TASK MATERIAL Block Start
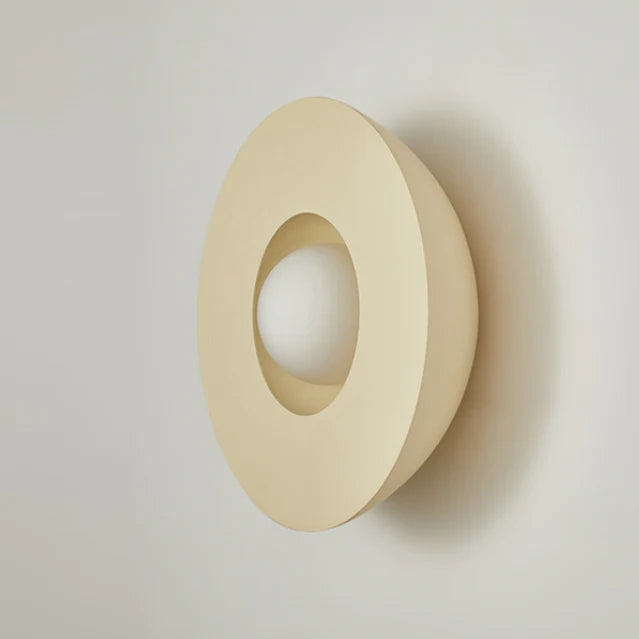 UFO ceiling lamp can be used as a wall lamp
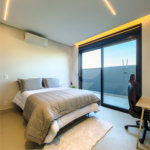 Indaiatuba - Quintas da Terracota - 1252 m² de terreno - casa térrea com 514 m² de área construída -3 vagas de garagem cobertas e 3 descobertas Lavabo - Sala de estar e jantar amplas e integradas - Escritório privativo - Cozinha toda equipada com geladeira, forno, micro-ondas, lava-louças,
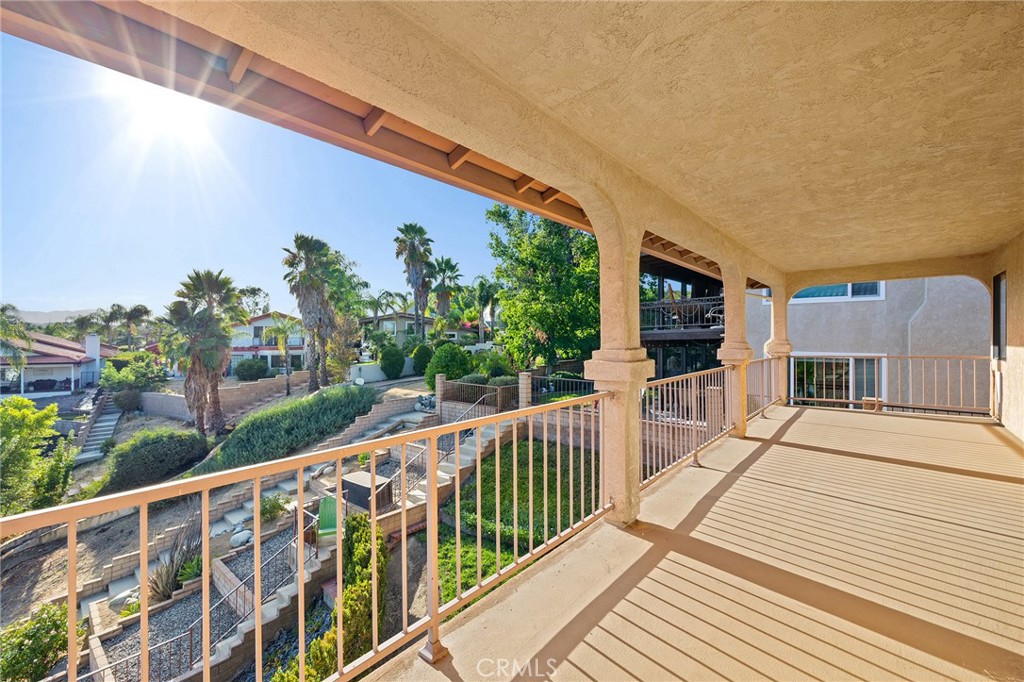30127 White Wake Property Photo 46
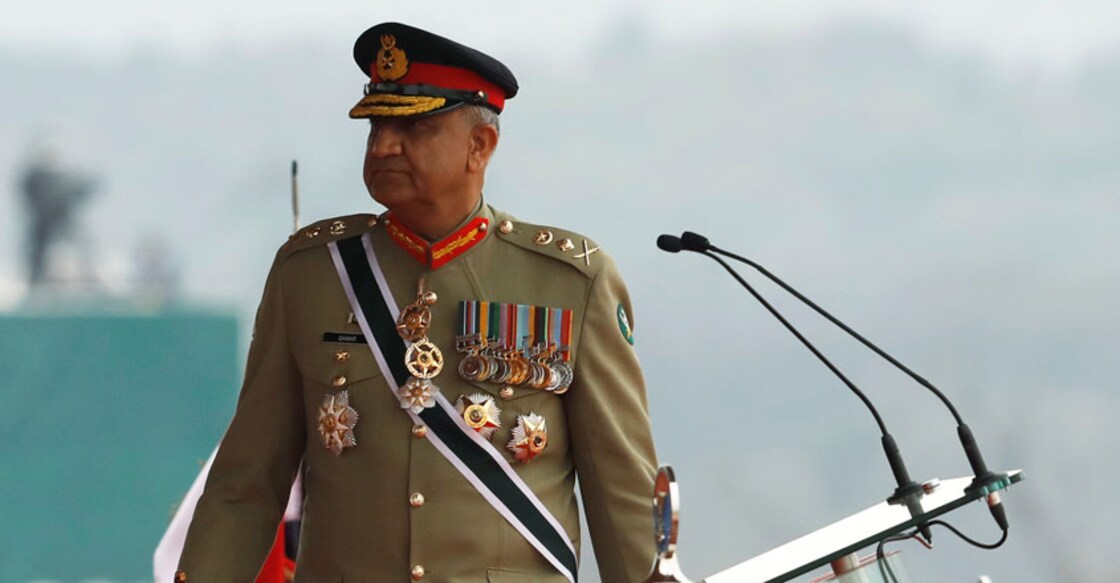 Imran Khan extends Pak army chief's tenure citing security concerns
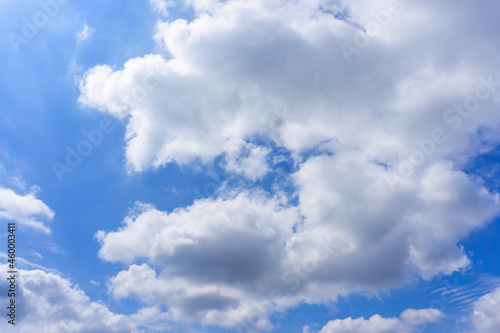 大空に浮かぶ雲と青い空の風景写真_j_02 © koni film
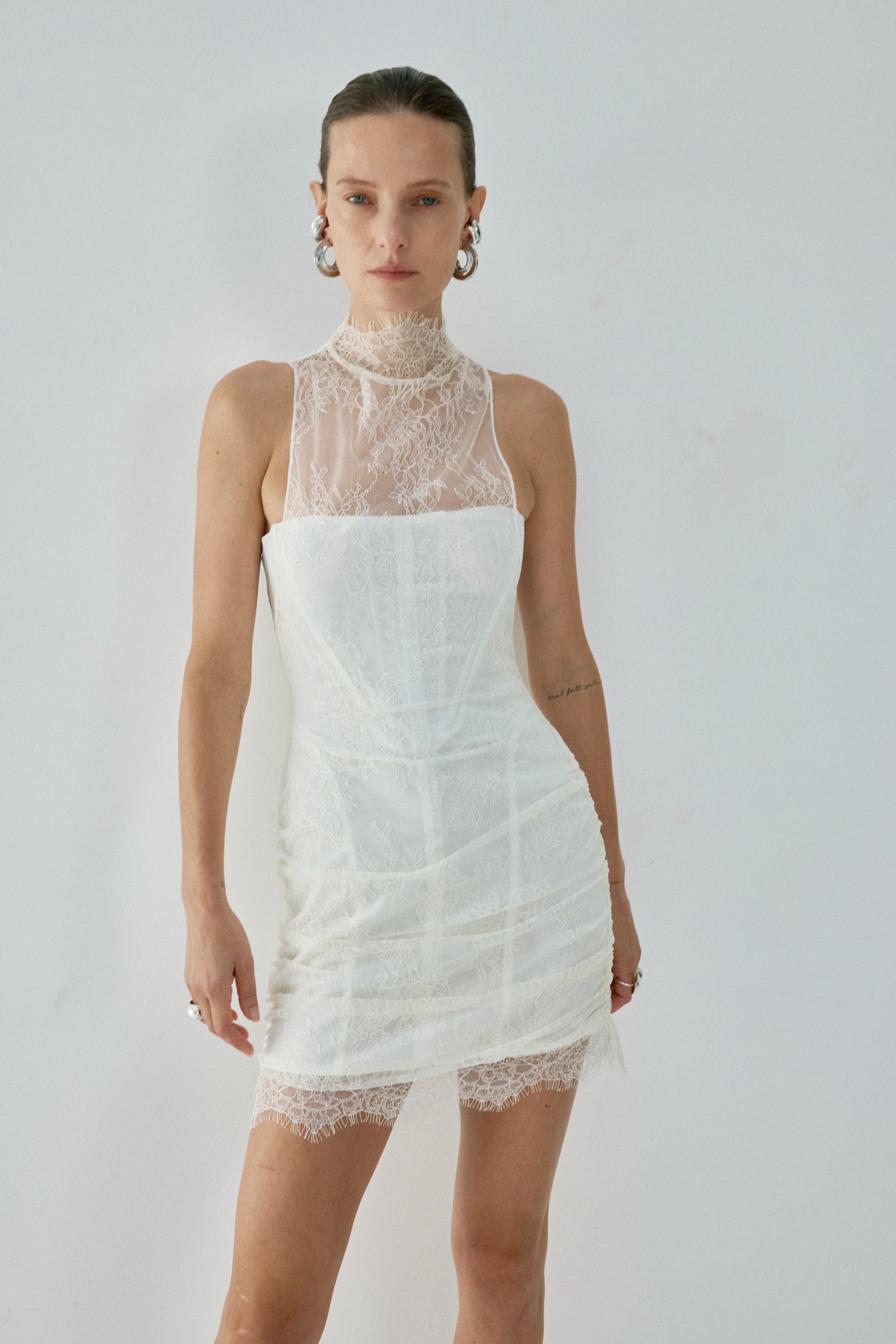 APATITE MINI DRESS IN IVORY FINE LACE - De La Vali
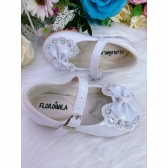 Sapatinho Branco Verniz Com Lacinho Duplo e Strass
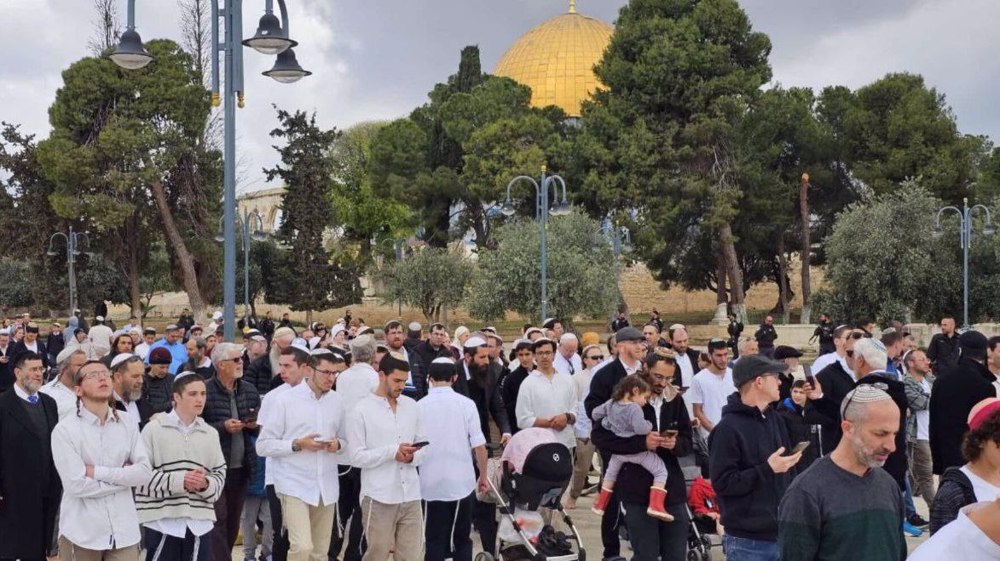 Hundreds of Israeli settlers storm Aqsa Mosque as West Bank raids claim another life
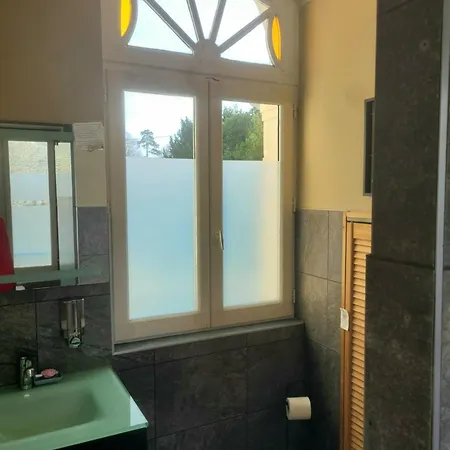 La Roseraie Bed & Breakfast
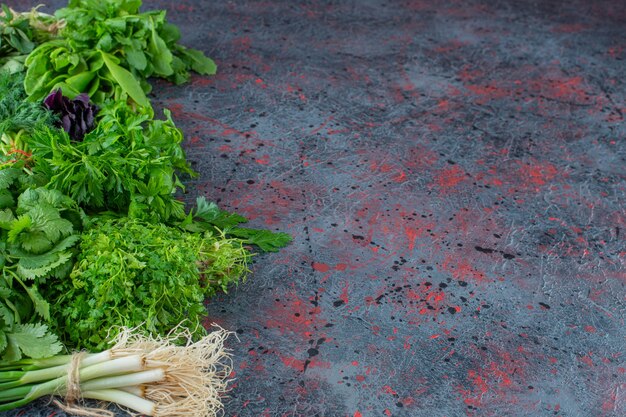 Uma variedade de verduras frescas, no fundo de mármore.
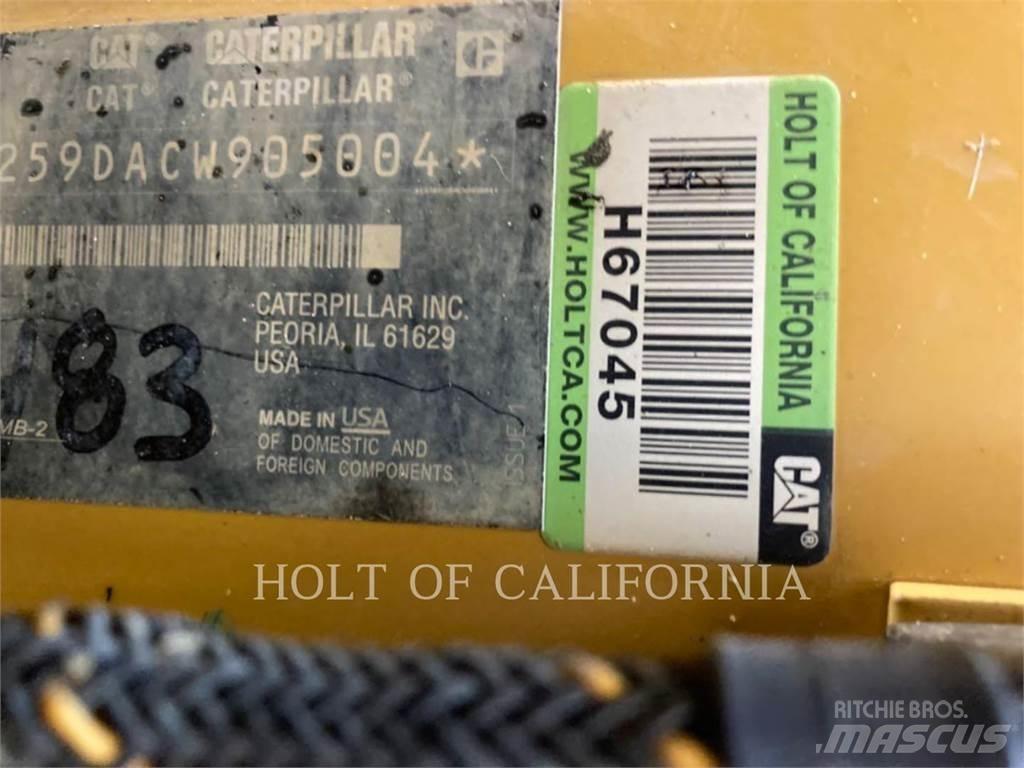 CAT 259 HF لوادر انزلاقية التوجيه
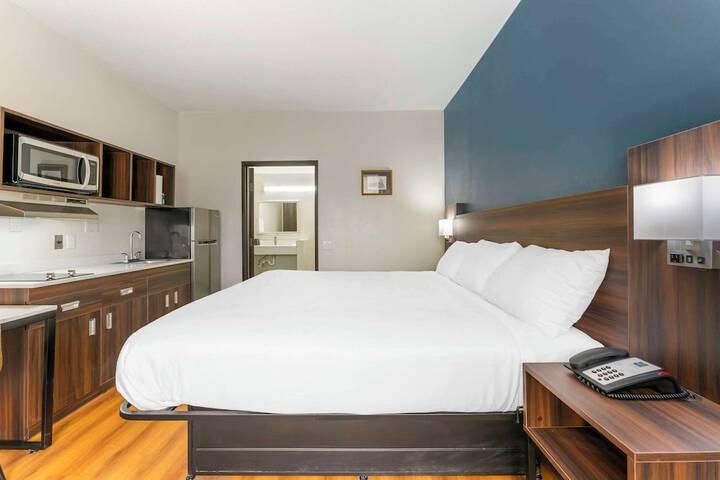 Room 18 of 28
TASK MATERIAL Block End
> [WHAT IS BEING ASKED]: From the first line to the last, return the records exactly and leave the pictures behind.

> [FINISHED EXERCISE]:
 UFO ceiling lamp can be used as a wall lamp
 Indaiatuba - Quintas da Terracota - 1252 m² de terreno - casa térrea com 514 m² de área construída -3 vagas de garagem cobertas e 3 descobertas Lavabo - Sala de estar e jantar amplas e integradas - Escritório privativo - Cozinha toda equipada com geladeira, forno, micro-ondas, lava-louças,
30127 White Wake Property Photo 46
 Imran Khan extends Pak army chief's tenure citing security concerns
 大空に浮かぶ雲と青い空の風景写真_j_02 © koni film
 APATITE MINI DRESS IN IVORY FINE LACE - De La Vali
 Sapatinho Branco Verniz Com Lacinho Duplo e Strass
 Hundreds of Israeli settlers storm Aqsa Mosque as West Bank raids claim another life
 La Roseraie Bed & Breakfast
 Uma variedade de verduras frescas, no fundo de mármore.
 CAT 259 HF لوادر انزلاقية التوجيه
 Room 18 of 28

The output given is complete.